Leukotriene Receptor Antagonists

Then, leukotriene receptor antagonists, such as montelukast, zafirlukast, and pranlukast, inhibit the action of cysteinyl leukotrienes, a significant and strong mediator of allergies that causes allergic inflammation and a variety of allergy symptoms, including mucus production and nasal congestion. Leukotriene receptor antagonists were more effective than H1 antihistamines for symptoms throughout the night but not for symptoms during the day, according to meta-analysis research [25].

Nasal Decongestants

Through their agonistic activity at 1 and 2-adrenergic receptors on nasal mucosal endothelial cells, nasal decongestants alleviate nasal congestion symptoms by reducing mucosal edema [25]. Commonly used nasal sprays are oxymetazoline, phenylephrine, and pseudoephedrine.
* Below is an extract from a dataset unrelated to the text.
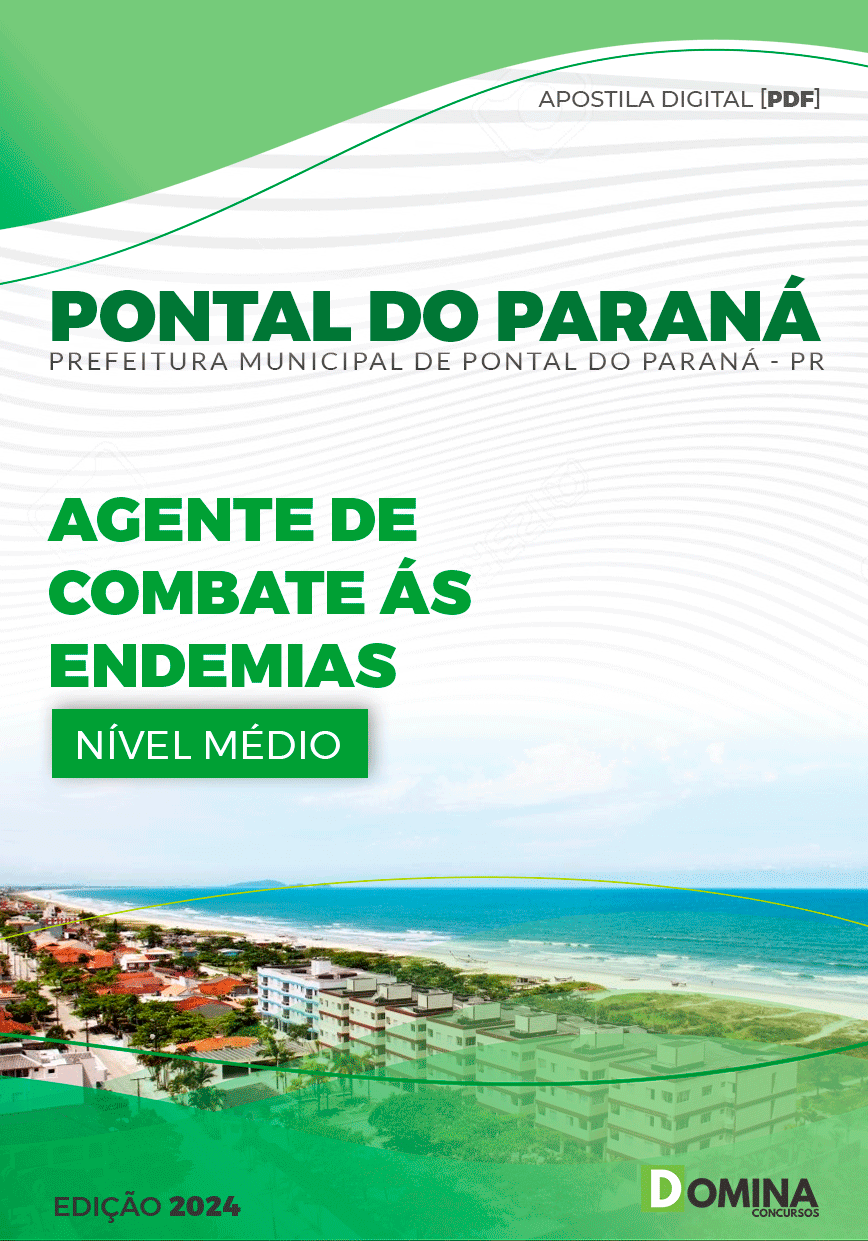 Apostila Agente de Combate Endemias Pontal do Paraná PR 2024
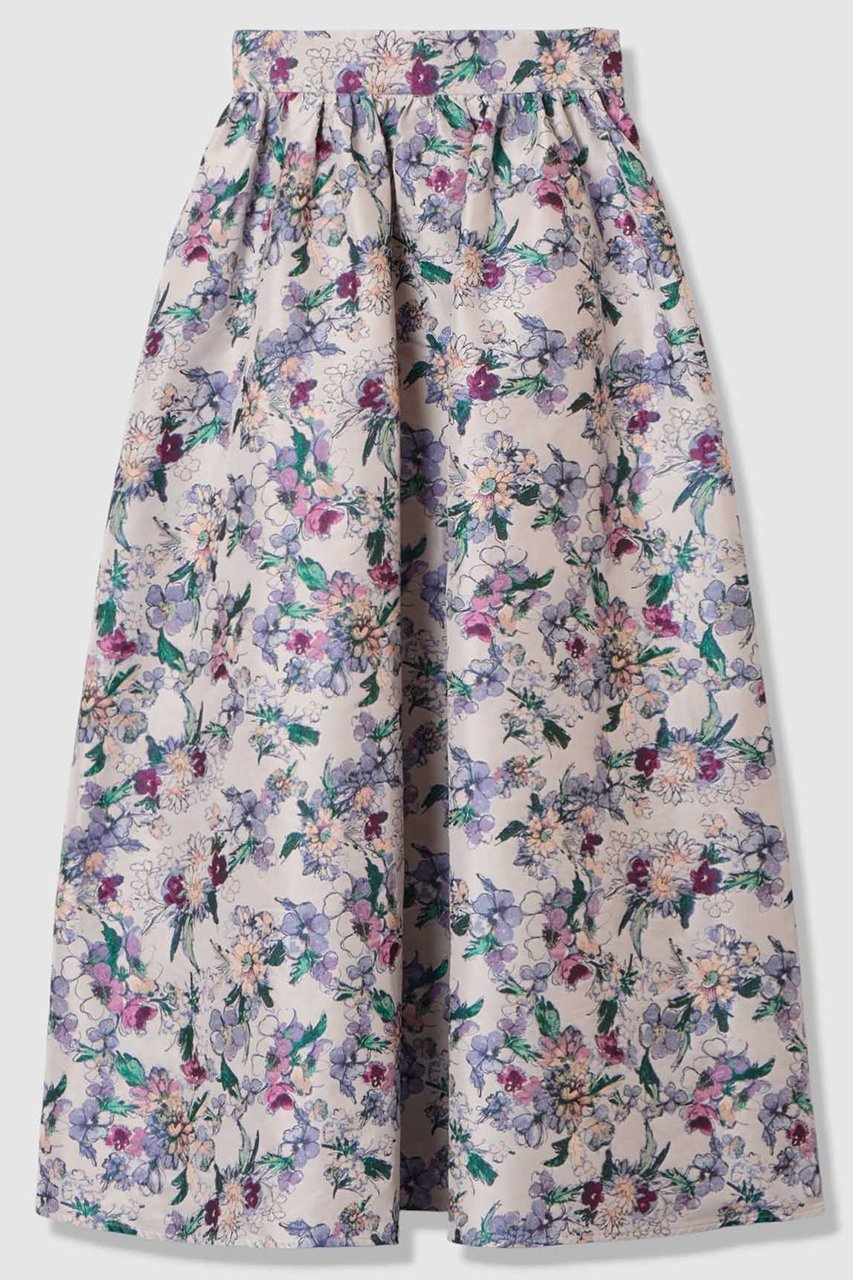 【アルアバイル/allureville】の【LOULOU WILLOUGHBY】LIMONTAフラワーJQ スカート インテリア・キッズ・メンズ・レディースファッション・服の通販 founy(ファニー) 　ファッション　Fashion　レディースファッション　Fashion for Women　スカート　Skirts　ロングスカート　Long Skirts / Maxi & Midi Skirts　イタリア　Italy　ジャカード／ジャガード　Jacquard, Woven Pattern　ファブリック　Fabric, Textile　フラワー　Flower, Floral　ロング　Long, Long-Length　エレガント 上品　Elegant　ラベンダー|ID: prp329100004886820 ipo3291000000036486061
Nasal decongestants used excessively might result in nasal medicamentosa (i.e., a situation in which rebound blockage occurs after ceasing nasal decongestants) [26], which is treated by administering intranasal corticosteroid.


Intranasal corticosteroids are useful for treating both mild and moderate-severe AR in both children and adults by inhibiting the invasion of immune cells [25]. For severe or uncontrollable symptoms, systemic corticosteroids (by mouth or by injection) should only be used as a last resort.

Immunomodulating Therapies in Allergic Rhinitis

Treatment for AR that focuses on immune regulation aims to shift the normal courses of AR rather than bringing about a transformation to an immunologically ignorant or unresponsive state. Since some patients with AR do not benefit from standard medical care, allergen immunotherapy (AIT) is employed as a disease-modifying therapeutic approach [25]. There are two ways to administer AIT: subcutaneous immunotherapy (SCIT) or sublingual immunotherapy (SLIT). Targeting these indicators with AIT is promising since the early phase responses in AR are crucially mediated by basophils. The threshold for basophil activation can be lowered after one year of SLIT treatment for Parietaria, emphasizing the value of AIT in the management of illness and in slowing the course of the disease [26].